Activity:
Retype each line of the data below exactly, beginning with the first and ending with the one that contains "White button-up shirt". Pictures do not belong in the copy.

Dataset content:
————————
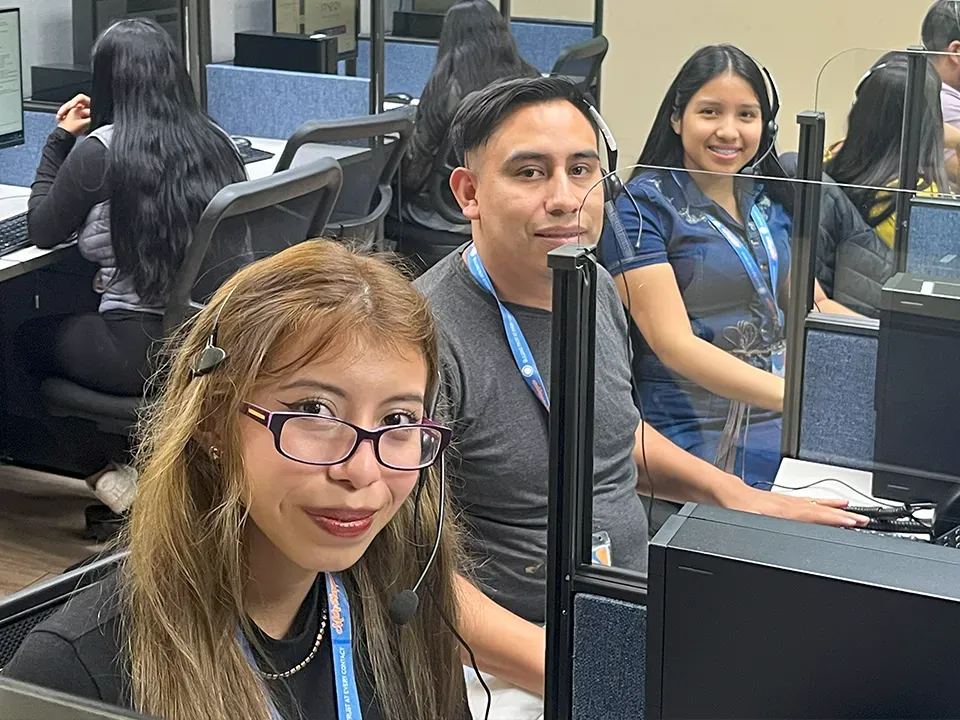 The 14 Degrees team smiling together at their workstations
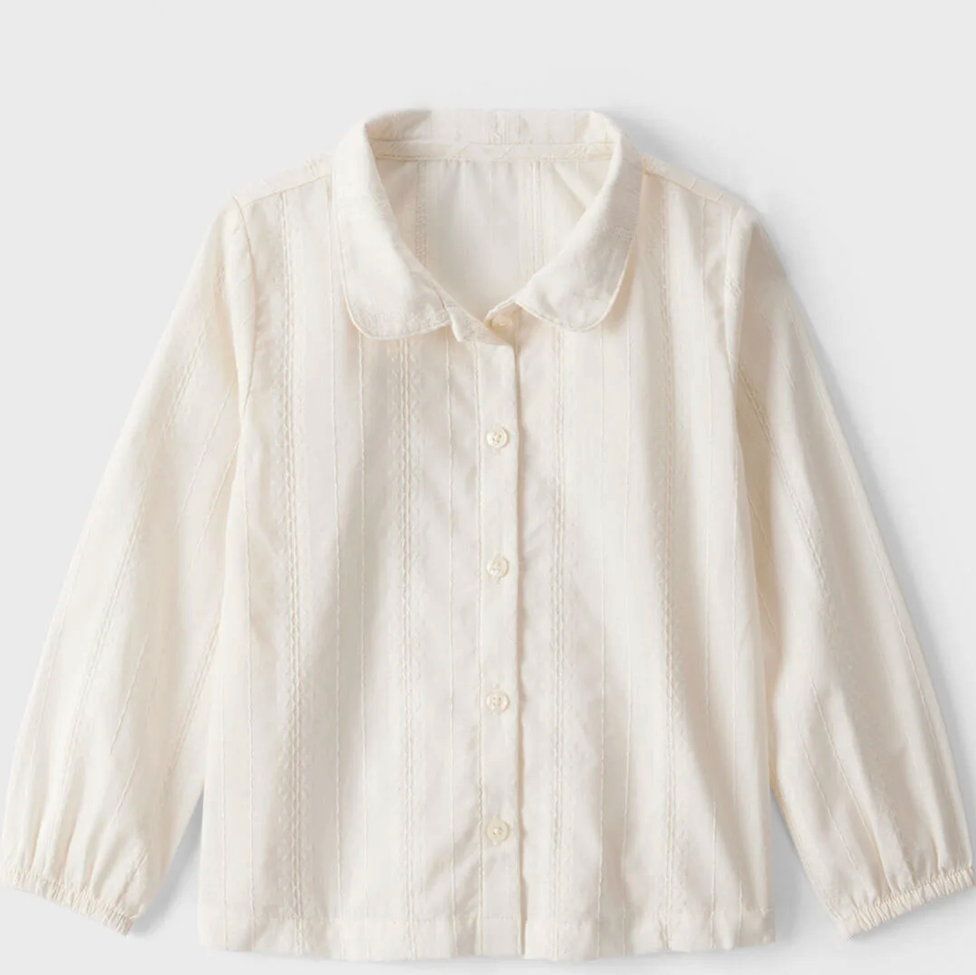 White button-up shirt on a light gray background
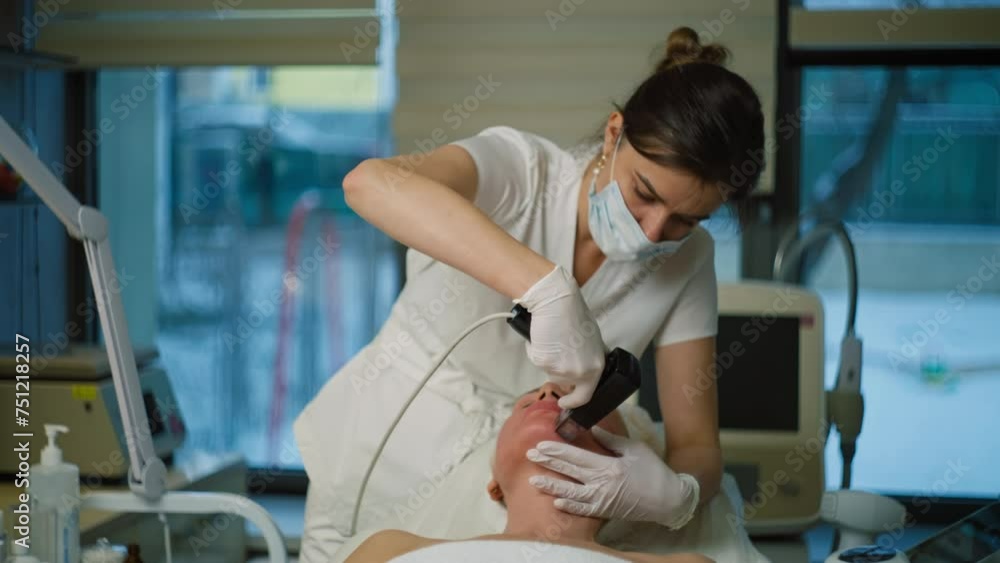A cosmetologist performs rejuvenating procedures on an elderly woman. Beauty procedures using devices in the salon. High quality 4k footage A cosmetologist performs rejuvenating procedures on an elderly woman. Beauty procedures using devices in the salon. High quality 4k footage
————————
Answer for the task:
 The 14 Degrees team smiling together at their workstations
 White button-up shirt on a light gray background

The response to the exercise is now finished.